Emmanuel Chukwudi

Posted on Jun 14

Azure Virtual Machine Scale Sets (VMSS): A Complete Guide

#azure #devops #cloud #vmss

Learn how to deploy, configure, and auto-scale fleets of identical VMs on Azure from zero to production-ready.

Introduction

Imagine your application suddenly gets a traffic spike maybe a product launch, a viral post, or a scheduled batch job. Without automation, you're either over-provisioned (paying for idle VMs) or scrambling to manually spin up instances while users hit errors.

Azure Virtual Machine Scale Sets (VMSS) solve this. They let you deploy and manage a group of identical, load-balanced VMs that automatically scale in or out based on demand all from a single configuration.

In this guide, we'll cover:

What VMSS is and how it works under the hood
Orchestration modes: Uniform vs Flexible
How to create a VMSS via the Portal and Azure CLI
Configuring autoscaling rules
Integrating with a Load Balancer
Updating your Scale Set (rolling upgrades)
Real-world best practices

Let's build.

What is a Virtual Machine Scale Set?

A Virtual Machine Scale Set is an Azure compute resource that lets you create and manage a group of load-balanced VMs.
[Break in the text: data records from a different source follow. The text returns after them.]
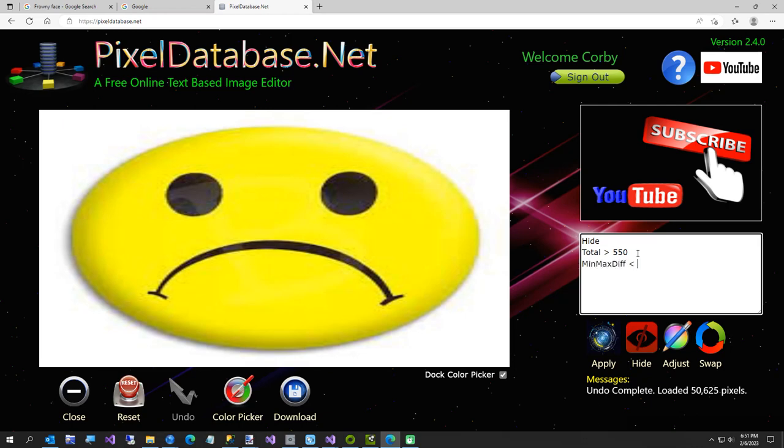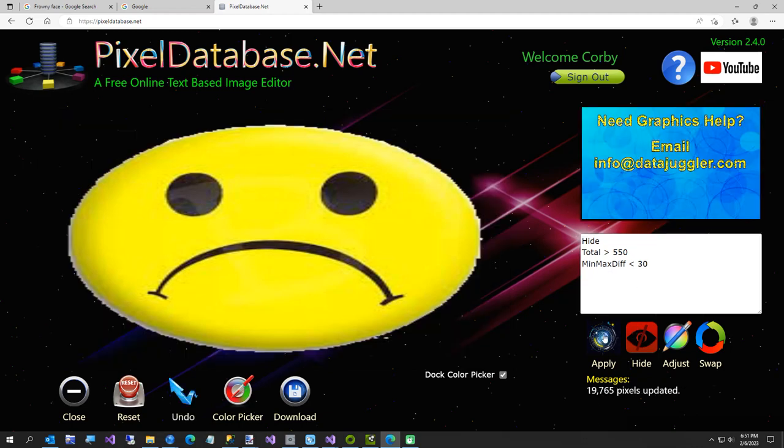Run that. What that means is min max diff just means the white background is mostly the same color, so by less than 30 it means all the white that's the same color. This yellow has quite a bit of color...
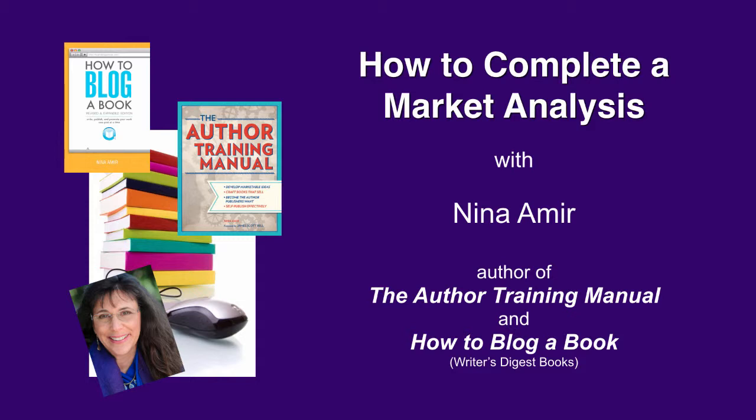So this is where you want to do the market analysis to determine if you actually have enough people to justify producing this book. So how do you do that?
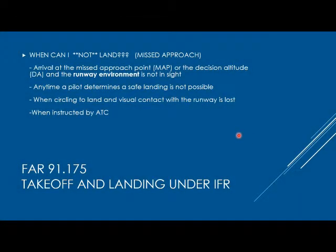We're looking at FAR 91.175, specifically takeoff and landing under IFR, and the events where a missed approach has to be executed.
Key characteristics:

All VMs in a scale set are created from the same base image and configuration
The set can automatically increase or decrease the number of VM instances based on demand or a schedule
VMs are distributed across Availability Zones or Fault/Update Domains for high availability
Integrates natively with Azure Load Balancer, Application Gateway, and Azure Monitor

How It Works

                        ┌─────────────────────────────────────┐
                        │         Azure Load Balancer          │
                        └────────────────┬────────────────────┘
                                         │
                   ┌─────────────────────┼─────────────────────┐
                   │                     │                       │
            ┌──────▼──────┐      ┌───────▼─────┐      ┌────────▼────┐
            │   VM #1      │      │    VM #2     │      │   VM #3     │
            │ (instance 0) │      │ (instance 1) │      │ (instance 2)│
            └─────────────┘      └─────────────┘      └────────────-┘
                   │                     │                       │
                   └─────────────────────┼─────────────────────┘
                                         │
                              ┌──────────▼──────────┐
                              │   Autoscale Engine   │
                              │  (Azure Monitor)     │
                              └─────────────────────┘

When CPU crosses a threshold (or any metric you define), Azure's autoscale engine fires and adds or removes VM instances automatically. The Load Balancer redistributes traffic across the new fleet.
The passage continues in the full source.